Aucun financement identifié

C’est la question centrale, et elle reste ouverte.

Le communiqué ministériel ne mentionne ni coût, ni bailleur, ni calendrier. Kin Elenda, qui a payé le collecteur, ferme dans cent onze jours et n’a plus de trésorerie. Le Projet de résilience urbaine intégrée, doté de 200 millions de dollars et exécuté par la même Cellule Infrastructures, prévoit bien dans son cadre de résultats trois études de faisabilité ou plans d’investissement pour la gestion du risque d’inondation d’ici juin 2030, mais la valeur actuelle de cet indicateur est de zéro, et rien n’indique que le pont de Ndjili en fasse partie.

Un ordre de grandeur permet de mesurer l’enjeu. Le nouveau pont Kwango sur la RN1, dont le même ministre a lancé les travaux le 3 septembre, mesure 283 mètres pour une enveloppe prévisionnelle de 23 millions de dollars. L’ouvrage envisagé sur la Ndjili en ferait quarante, mais il s’accompagnerait de la modernisation d’une route de jonction et, dans une zone aussi dense, d’expropriations.

Pourquoi ce collecteur compte

Le contexte, lui, ne laisse aucune place au doute sur l’utilité de l’ouvrage inauguré.

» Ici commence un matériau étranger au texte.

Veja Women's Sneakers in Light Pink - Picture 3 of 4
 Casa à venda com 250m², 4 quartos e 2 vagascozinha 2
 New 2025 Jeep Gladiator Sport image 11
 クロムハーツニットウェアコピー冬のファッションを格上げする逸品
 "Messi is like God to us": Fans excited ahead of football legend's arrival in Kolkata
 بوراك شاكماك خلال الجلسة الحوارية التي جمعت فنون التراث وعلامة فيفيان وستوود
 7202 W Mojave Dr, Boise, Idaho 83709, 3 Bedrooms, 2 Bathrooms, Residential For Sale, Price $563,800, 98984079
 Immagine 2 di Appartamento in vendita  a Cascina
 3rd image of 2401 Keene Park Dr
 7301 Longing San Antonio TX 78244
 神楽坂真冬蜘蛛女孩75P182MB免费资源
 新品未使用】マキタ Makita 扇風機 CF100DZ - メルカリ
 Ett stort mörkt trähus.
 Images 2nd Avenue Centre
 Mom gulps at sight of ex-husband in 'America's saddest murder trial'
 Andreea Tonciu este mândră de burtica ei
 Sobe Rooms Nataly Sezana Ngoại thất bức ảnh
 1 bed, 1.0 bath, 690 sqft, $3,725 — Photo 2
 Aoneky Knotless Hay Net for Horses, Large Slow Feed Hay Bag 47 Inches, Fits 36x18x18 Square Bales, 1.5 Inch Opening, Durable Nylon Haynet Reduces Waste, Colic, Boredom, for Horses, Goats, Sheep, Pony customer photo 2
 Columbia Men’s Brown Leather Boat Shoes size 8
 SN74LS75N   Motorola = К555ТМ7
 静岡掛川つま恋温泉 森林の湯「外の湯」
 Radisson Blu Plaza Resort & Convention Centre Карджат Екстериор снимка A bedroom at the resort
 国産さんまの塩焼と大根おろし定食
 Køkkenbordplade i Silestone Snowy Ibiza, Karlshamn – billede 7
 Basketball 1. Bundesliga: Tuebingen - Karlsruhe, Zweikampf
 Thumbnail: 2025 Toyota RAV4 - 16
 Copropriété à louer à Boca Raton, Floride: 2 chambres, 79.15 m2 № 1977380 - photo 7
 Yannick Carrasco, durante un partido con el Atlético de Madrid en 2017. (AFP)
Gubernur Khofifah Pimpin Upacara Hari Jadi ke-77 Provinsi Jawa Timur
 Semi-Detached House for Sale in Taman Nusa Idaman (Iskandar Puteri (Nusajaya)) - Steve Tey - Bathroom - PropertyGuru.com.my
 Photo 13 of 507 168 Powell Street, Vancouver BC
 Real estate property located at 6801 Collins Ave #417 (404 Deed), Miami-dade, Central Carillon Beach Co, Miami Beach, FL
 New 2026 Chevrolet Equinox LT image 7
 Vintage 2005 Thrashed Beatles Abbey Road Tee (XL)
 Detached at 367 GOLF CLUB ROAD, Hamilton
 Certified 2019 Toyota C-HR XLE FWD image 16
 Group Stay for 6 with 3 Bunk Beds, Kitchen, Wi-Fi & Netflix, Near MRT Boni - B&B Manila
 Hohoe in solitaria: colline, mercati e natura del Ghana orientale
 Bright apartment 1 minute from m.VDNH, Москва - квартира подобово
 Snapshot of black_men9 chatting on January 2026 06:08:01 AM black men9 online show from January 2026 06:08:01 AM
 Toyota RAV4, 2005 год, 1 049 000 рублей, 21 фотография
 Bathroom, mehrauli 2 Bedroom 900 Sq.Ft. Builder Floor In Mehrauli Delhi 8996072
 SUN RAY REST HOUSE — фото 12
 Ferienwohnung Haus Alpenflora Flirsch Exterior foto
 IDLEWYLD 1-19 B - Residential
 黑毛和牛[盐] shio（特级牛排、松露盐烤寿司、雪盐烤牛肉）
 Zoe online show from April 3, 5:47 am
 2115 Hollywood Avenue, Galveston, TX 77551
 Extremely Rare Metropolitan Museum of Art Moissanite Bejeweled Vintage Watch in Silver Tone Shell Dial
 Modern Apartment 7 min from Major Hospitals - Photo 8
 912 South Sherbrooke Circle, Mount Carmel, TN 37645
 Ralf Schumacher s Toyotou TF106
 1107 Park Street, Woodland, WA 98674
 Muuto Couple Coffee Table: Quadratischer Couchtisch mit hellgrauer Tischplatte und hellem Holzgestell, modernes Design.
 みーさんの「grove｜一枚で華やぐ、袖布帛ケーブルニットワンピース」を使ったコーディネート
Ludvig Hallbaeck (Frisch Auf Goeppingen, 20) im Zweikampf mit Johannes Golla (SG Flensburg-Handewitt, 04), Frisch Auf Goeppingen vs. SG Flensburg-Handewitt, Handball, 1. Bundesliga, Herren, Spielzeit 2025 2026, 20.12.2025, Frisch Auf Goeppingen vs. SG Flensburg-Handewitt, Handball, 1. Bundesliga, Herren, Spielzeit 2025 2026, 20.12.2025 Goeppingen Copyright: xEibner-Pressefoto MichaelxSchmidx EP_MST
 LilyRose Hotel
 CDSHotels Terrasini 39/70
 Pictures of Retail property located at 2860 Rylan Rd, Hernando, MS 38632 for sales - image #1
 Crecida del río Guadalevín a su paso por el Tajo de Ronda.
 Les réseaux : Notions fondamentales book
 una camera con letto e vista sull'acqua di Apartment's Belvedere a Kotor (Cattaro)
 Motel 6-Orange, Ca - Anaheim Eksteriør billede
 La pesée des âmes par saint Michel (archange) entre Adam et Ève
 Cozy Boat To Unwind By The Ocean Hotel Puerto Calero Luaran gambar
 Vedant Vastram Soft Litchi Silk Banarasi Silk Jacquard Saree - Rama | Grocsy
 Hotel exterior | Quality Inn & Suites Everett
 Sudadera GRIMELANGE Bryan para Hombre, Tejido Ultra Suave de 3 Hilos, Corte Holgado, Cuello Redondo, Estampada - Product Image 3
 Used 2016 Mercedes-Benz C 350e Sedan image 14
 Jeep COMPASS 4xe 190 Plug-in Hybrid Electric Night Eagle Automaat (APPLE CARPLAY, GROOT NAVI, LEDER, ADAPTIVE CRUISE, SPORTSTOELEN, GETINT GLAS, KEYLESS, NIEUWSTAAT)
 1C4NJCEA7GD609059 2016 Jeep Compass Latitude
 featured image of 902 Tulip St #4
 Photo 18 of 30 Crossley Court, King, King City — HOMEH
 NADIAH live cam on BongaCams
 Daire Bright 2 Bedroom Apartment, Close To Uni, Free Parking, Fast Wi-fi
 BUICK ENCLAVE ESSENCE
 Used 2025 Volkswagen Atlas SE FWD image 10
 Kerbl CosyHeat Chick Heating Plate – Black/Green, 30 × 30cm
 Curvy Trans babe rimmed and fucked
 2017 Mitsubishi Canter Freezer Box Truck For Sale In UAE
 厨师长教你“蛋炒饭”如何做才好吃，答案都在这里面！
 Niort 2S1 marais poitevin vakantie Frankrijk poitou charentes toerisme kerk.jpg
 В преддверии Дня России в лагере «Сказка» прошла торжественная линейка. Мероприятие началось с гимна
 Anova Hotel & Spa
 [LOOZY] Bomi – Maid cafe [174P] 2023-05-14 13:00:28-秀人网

Les inondations de décembre 2022 à Kinshasa ont fait 120 morts selon le gouvernement, au moins 169 selon le Bureau de coordination des affaires humanitaires des Nations unies, et ont donné lieu à trois jours de deuil national. En avril 2025, la crue de la Ndjili a tué 43 personnes, submergé le pont du boulevard Lumumba au point que des piétons l’ont traversé en pirogue, et sinistré plus de 30 000 ménages selon la division provinciale de la Santé. En additionnant les seuls épisodes documentés depuis 2021, on arrive à un plancher de plus de deux cents morts par inondation dans la capitale. Il n’existe aucun décompte officiel consolidé.

Une étude de la Banque mondiale consacrée au bassin versant de la Ndjili recense environ six cents têtes d’érosion en progression dans l’aire métropolitaine, qui coupent régulièrement les axes de transport.

Le civisme, et ce qui vient avant

Le coordonnateur de la Cellule Infrastructures, Billy Tshibambe Ndibu, a appelé la population au civisme, pour que les ordures ménagères ne finissent pas dans les canalisations neuves. L’appel est fondé : les documents de la Banque mondiale établissent que « les déchets non collectés bloquent les drains et les canaux, aggravant les inondations ».

Il appelle une précision. À Kinshasa, seuls 19 % des déchets produits arrivent à la décharge, et le seul centre d’enfouissement technique de la ville ne suffit pas. Le civisme d’un habitant du quartier 8 se heurte à l’absence d’une chaîne de collecte. La dépêche ne dit pas non plus où sont partis les vingt mètres de déchets excavés avenue du Bassin.

Un dernier élément, enfin, mérite d’être versé au dossier. Le registre des incidents de la Cellule Infrastructures, cité par la Banque mondiale, documente un accident survenu en octobre 2025 sur un chantier de nettoyage de collecteurs : l’entrepreneur avait ôté les dalles de couverture, le mur séparant deux collecteurs parallèles, dépourvu de raidisseurs, s’est effondré sur trente-cinq mètres. Deux ouvriers sont morts, un troisième a été grièvement blessé. Ces accidents ont conduit à la suspension de chantiers et à l’élaboration de plans de sécurité propres à chaque site.

Six cents mètres de collecteur à Ndjili, c’est un ouvrage réel et il manquait. Le reste, pour l’instant, est une étude que personne n’a encore financée.